Po co omówiłeś ten paździerz ze zgniłką na rottenie? Szkoda czasu. Już lepiej było omówić oryginał z 1968. Dobrze, że też się za niego weźmiesz. A w tym samym roku również wyszła Odyseja kosmiczna i tam też były małpy XD
Ogólnie Burton to taki reżyser który potrzebuje dobrego scenariusza niestety i dlaczego tak nie za bardzo czekam na drugiego Beetlejuice głównie o scenarzystów głównie jednego który z nim robił Mroczne Cienie (ja film lubię serio bardzo ale wiem że jest jechany i ten pan pisał scenariusz który wg wielu jest kupą tyle wiem) także czerwona lampką chociaż może wyjdzie dobrze miło by było ale mimo wszystko hajpu nie mam mimo iż uwielbiam oryginał ale Burton taki jest gdzie potrzebuje dobrego scenariusza bo nie ugra nic jak w przypadku Planety Małp.
Pamiętam, że obejrzałem ten film pierwszy raz na Polsacie, więc był to pewnie jakiś 2002/2003 ew 2004 rok. Czyli miałem z 13-15 lat. A byłem psychofanem klasycznej Planety Małp. Widziałem wtedy wszystko nawet serial z 1974 roku. I jako wczesny nastolatek już byłem masakrycznie tym czymś zawiedziony... Dzięki Bogu kilka lat później wyszła Geneza Planety Małp P.S. Nie wiem na ile sobie to wkręciłem, ale chyba w genezie jest scena w której widać fragment gazety z artykułem mówiącym o starcie misji kosmicznej z małpami. Odebrałem to jako sugestię łączności tych filmów. Choć mógł to być zwykły easter egg
czekam na retro recenzje całej klasycznej sagi Planety Małp, bo wg mnie jest rewelacyjna i sama Planeta z 2001 nawet nie podjazdu do żadnej części i uwielbiam to jak trylogia Matta Reevesa przemyca lekkie nawiązania do niej i olewa to wersje z 2001
Pamiętam jak w dzieciństwie oglądałem tę wersję z 68 i jej sequele. Wtedy wydawało mi się, że ten jest lepszy ale może to bardziej dlatego, że wyglądał lepiej techniczne i mi jako dziecku się to podobało.

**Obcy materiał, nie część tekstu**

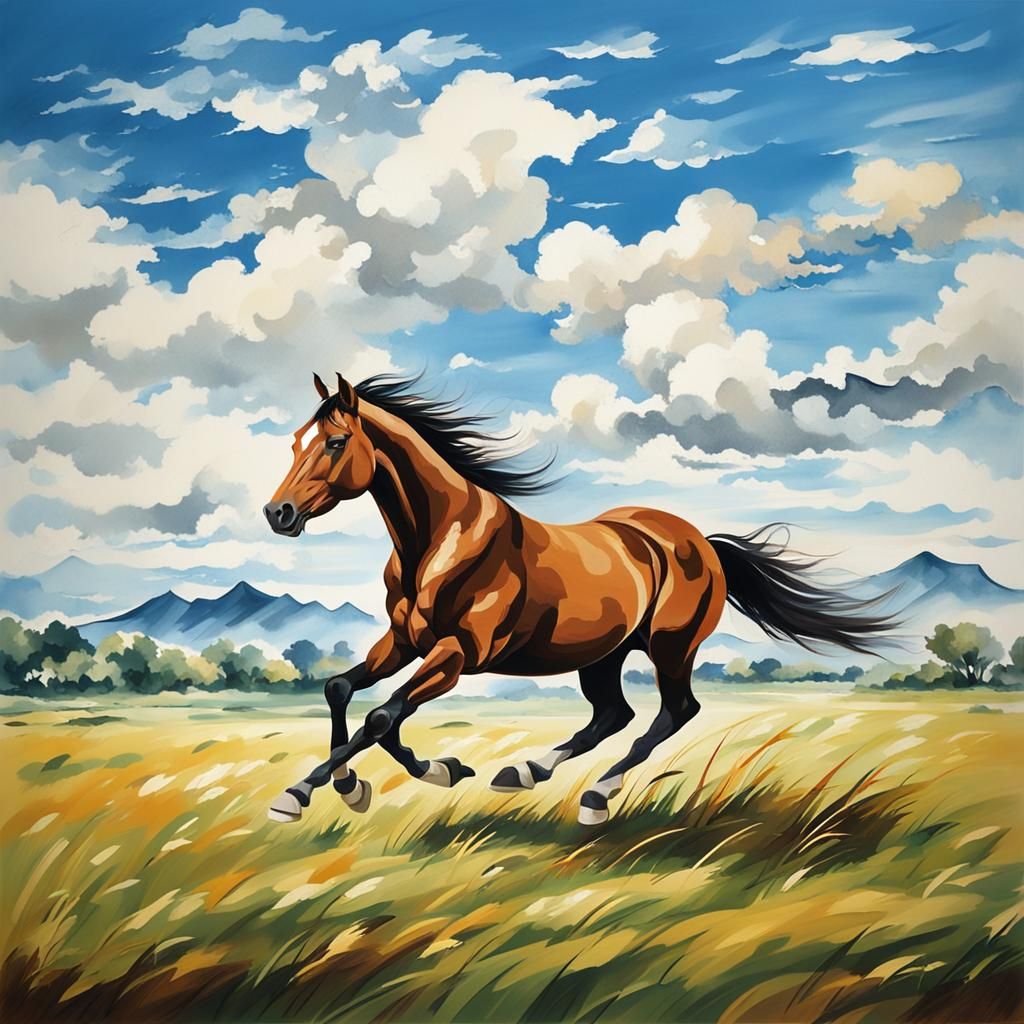 Brown Horse Galloping in Style of Xu Beihong
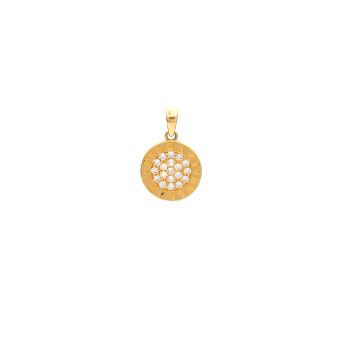 Медальон от 14К жълто злато с циркони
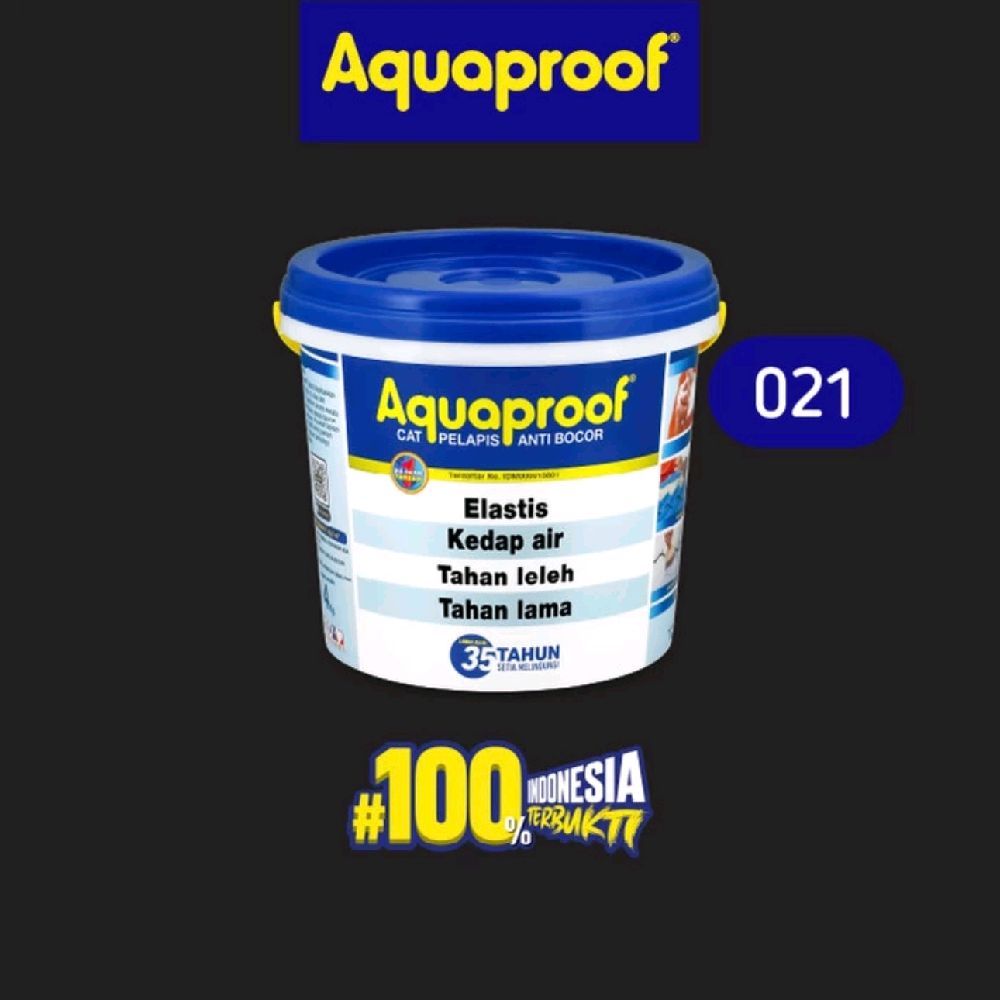 Aquaproof 4 Kg 021 Hitam Black Cat Pelapis Waterproofing No Drop Paint
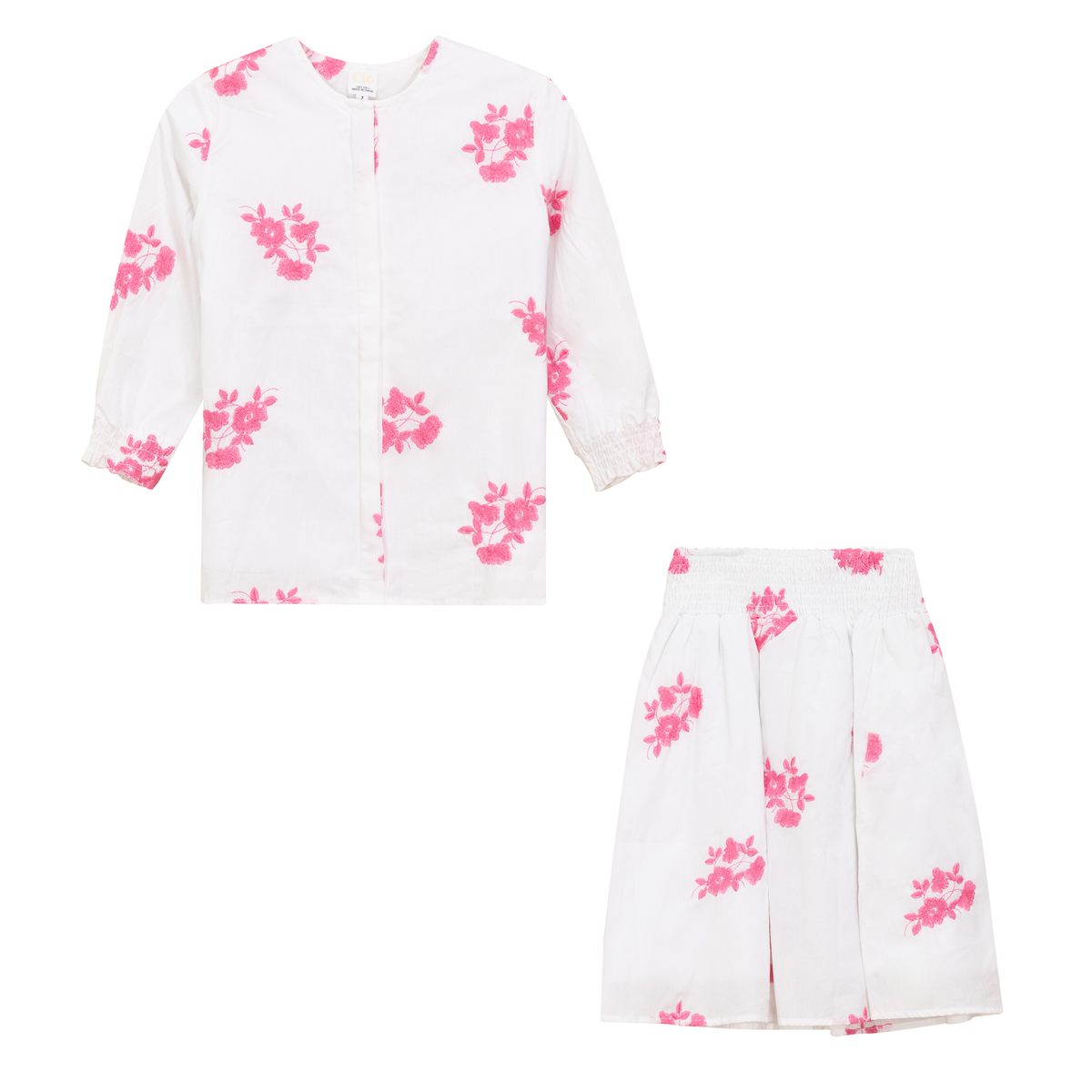 Flower Embroidered 2Pc Set in Pink by Clô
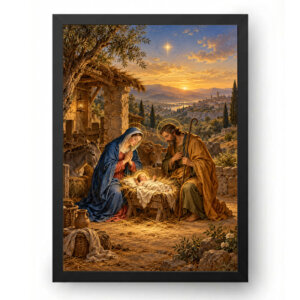 Quadro Presépio Renascimento em Luz Dourada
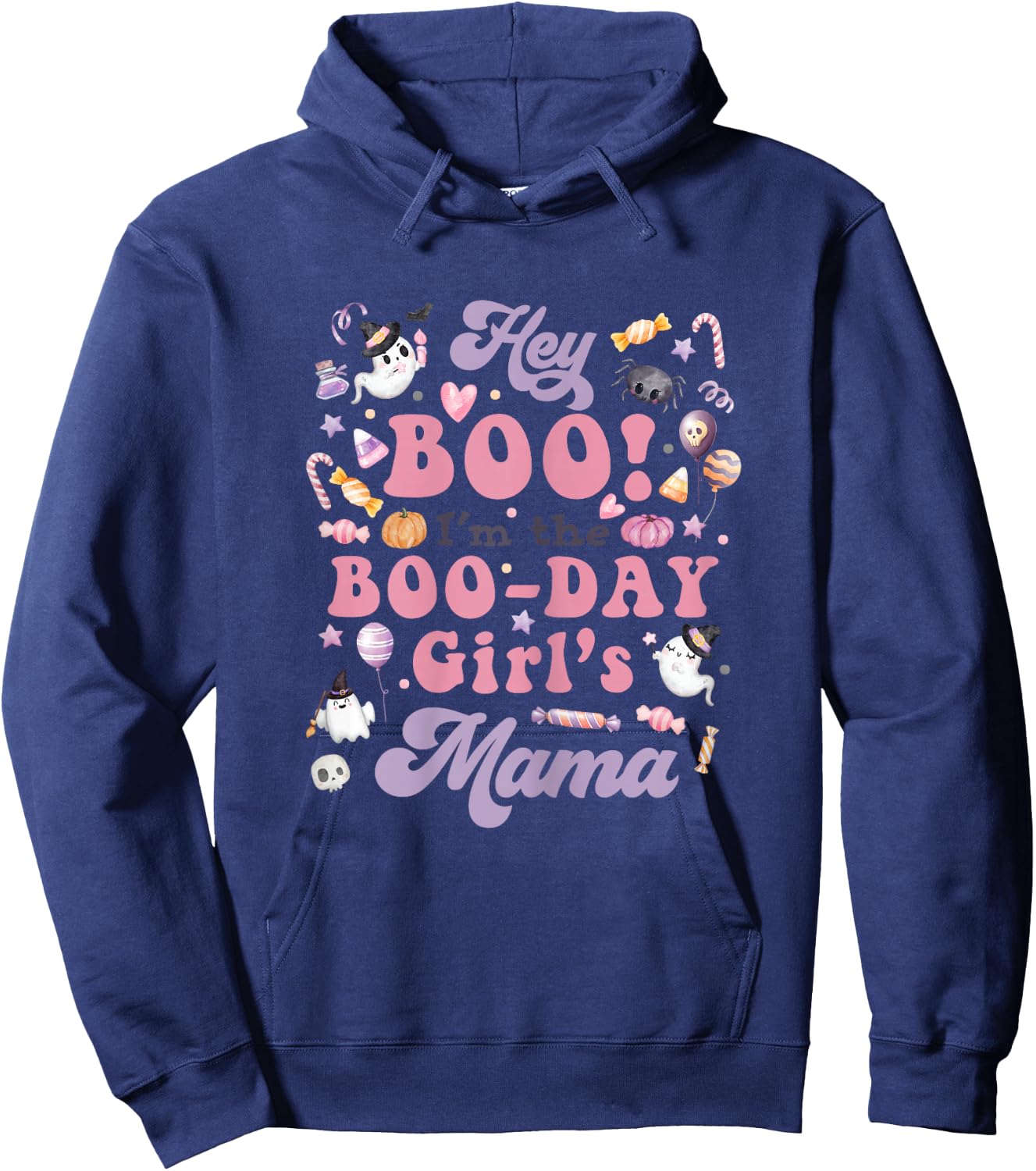 Mama of the Boo-Day Girl Hey Boo Halloween Birthday Matching Hoodie - Hoodie | Navy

Podobał mi się sam pomysł, ale nigdy nie dałem rady obejrzeć w całości za jednym podejściem. Zakończenie jedynie Mi się spodobało, jest w tym coś takiego zabawnego i ciekawego, jednocześnie.
Zawsze mi się wydawało, że ten film był z 1999 roku 😅 Fajnie że zrobiłeś retro recenzję bo we mnie Planeta Małp zawsze wywoływała niekomfortowe uczucia. Samo poczucie utknięcia na planecie, gdzie praktycznie jest się jedynym człowiekiem a potem ucieczka, żeby trafić na jeszcze gorszą planetę to było coś, co dawało mi gęsią skórkę mimo, że to nie jest horror.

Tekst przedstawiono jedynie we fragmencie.